An 1862 caricature of Paul Feval by Etienne Carjat.

An 1862 caricature of Paul Feval by Etienne Carjat.

Another example of this influence concerns Charles Dickens. I discovered in a collection of Charles Dickens’ letters that Dickens knew Féval. Dickens regularly corresponded with French actor Charles Fechter, and in a November 4, 1862 letter to Fechter, Dickens writes:

“Pray tell Paul Féval that I shall be charmed to know him, and that I shall feel the strongest interest in making his acquaintance. It almost puts me out of humour with Paris (and it takes a great deal to do that!) to think that I was not at home to prevail upon him to come with you, and be welcomed to Gad’s Hill; but either there or here, I hope to become his friend before this present old year is out. Pray tell him so.”

Later, in a letter to Fechter from February 4, 1863, Dickens again writes that he is in Paris and says, “Paul Féval was there, and I found him a capital fellow.” If only we could have known what was said at that meeting between two such illustrious authors.

How extensive Dickens and Féval’s relationship was is not known. Féval is not mentioned in either Ackroyd or Johnson’s biographies of Dickens, so it is doubtful they got to know each other well. Despite that, in the prologue to his novel Vampire City (published 1875 but believed to have been written about 1867 and therefore before Dickens’ death in 1870), Féval refers to Dickens as “My dear and excellent friend.” In this passage he is complaining about how English authors have pirated his works and he quotes Dickens for support on the matter, saying “Charles Dickens said to me one day, by way of apology: ‘I am not much better protected than you. When I go to London, if I happen to have an idea about my person, I lock my notecase, put it in my pocket and keep both hands upon it. It is stolen anyway.’” Were Dickens and Féval truly close friends or did Féval simply feel that quoting an English author would support his argument, especially Dickens who was widely known to have had his works pirated?

In any case, there clearly was an influence between French and British authors and they knew of each other’s works. However, Féval, because of the piracy, resisted having most of his works translated into English, although pirated versions happened, though I know of no evidence that his vampire novels were, but that does not mean Stoker might not have known of them. That said, according to Neil Miley in Henry Irving and Bastien-Lepage, Stoker spoke only broken French, but that doesn’t mean he couldn’t read it.
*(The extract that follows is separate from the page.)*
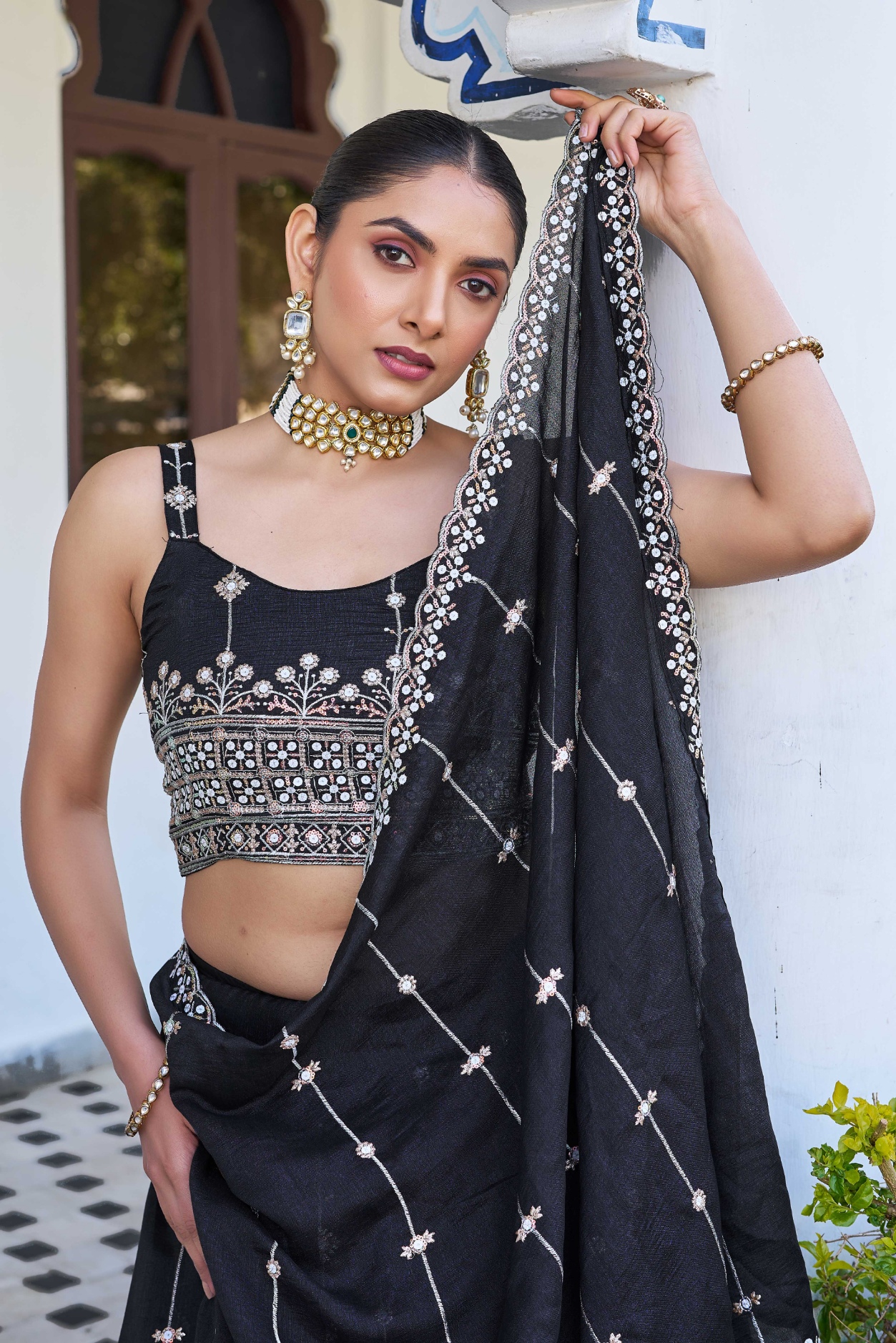 Black Sequins Silk Designer Lehenga Choli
I myself can read French far better than I can speak it, so it’s possible Stoker did read Féval’s vampire novels.

Féval would publish three vampire novels. The first, The Vampire Countess (1855 serialized; published in book form in 1865), will be the focus of the rest of this blog. The other two Knightshade (1860) and Vampire City (1874), I will discuss in my next blog where I will make some more comparisons between Stoker and Féval’s work. Fortunately for us, Black Coats Press (named for another of Féval’s novels) has reprinted these vampire texts with excellent introductions and afterwords by British author Brian Stableford. Stableford is extremely knowledgeable on the French serialized novels of the mid-nineteenth century and he writes extensively in these books about Féval’s place in his country’s literature alongside his contemporaries like Eugene Sue and Alexander Dumas (who would write a play The Vampire, the success of which may have led to Féval writing The Vampire Countess and whose novel Joseph Balsamo was inspired by English Gothic author Bulwer-Lytton’s Zanoni).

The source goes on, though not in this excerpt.